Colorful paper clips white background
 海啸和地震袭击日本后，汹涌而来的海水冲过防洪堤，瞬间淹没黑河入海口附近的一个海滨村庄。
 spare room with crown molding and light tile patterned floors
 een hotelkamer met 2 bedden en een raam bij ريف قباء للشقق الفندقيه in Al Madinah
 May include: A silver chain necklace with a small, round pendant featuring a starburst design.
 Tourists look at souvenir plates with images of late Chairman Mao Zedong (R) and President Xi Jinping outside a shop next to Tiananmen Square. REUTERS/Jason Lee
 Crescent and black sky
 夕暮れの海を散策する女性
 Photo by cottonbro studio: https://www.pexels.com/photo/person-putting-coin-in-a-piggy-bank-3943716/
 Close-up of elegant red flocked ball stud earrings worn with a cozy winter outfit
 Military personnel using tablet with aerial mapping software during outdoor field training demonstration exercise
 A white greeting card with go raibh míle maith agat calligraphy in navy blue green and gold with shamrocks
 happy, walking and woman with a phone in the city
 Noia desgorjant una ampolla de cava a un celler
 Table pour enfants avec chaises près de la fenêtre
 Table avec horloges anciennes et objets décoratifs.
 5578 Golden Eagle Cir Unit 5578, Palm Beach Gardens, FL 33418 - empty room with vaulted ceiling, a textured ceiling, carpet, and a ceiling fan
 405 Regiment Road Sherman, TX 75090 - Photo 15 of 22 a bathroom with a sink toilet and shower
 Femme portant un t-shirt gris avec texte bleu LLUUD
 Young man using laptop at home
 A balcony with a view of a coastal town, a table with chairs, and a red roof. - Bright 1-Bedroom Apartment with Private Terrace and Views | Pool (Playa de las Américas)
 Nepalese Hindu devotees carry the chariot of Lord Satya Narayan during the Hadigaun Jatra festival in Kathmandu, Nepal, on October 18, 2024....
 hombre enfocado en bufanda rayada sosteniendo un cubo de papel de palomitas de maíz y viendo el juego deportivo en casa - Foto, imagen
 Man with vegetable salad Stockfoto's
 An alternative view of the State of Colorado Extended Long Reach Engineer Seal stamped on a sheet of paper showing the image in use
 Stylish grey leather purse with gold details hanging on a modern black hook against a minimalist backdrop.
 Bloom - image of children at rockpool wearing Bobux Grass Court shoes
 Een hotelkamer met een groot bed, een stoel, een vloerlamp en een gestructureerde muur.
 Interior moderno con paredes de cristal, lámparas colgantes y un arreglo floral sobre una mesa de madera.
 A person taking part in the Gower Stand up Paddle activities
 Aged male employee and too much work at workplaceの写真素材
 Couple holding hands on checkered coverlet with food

__WHAT NEEDS TO BE DONE__: Copy word for word the stretch of entries above from the line that has "Close-up of elegant" through the line that has "Table avec horloges", both ends included, and nothing outside it.

__SOLUTION TO THIS EXERCISE__:
 Close-up of elegant red flocked ball stud earrings worn with a cozy winter outfit
 Military personnel using tablet with aerial mapping software during outdoor field training demonstration exercise
 A white greeting card with go raibh míle maith agat calligraphy in navy blue green and gold with shamrocks
 happy, walking and woman with a phone in the city
 Noia desgorjant una ampolla de cava a un celler
 Table pour enfants avec chaises près de la fenêtre
 Table avec horloges anciennes et objets décoratifs.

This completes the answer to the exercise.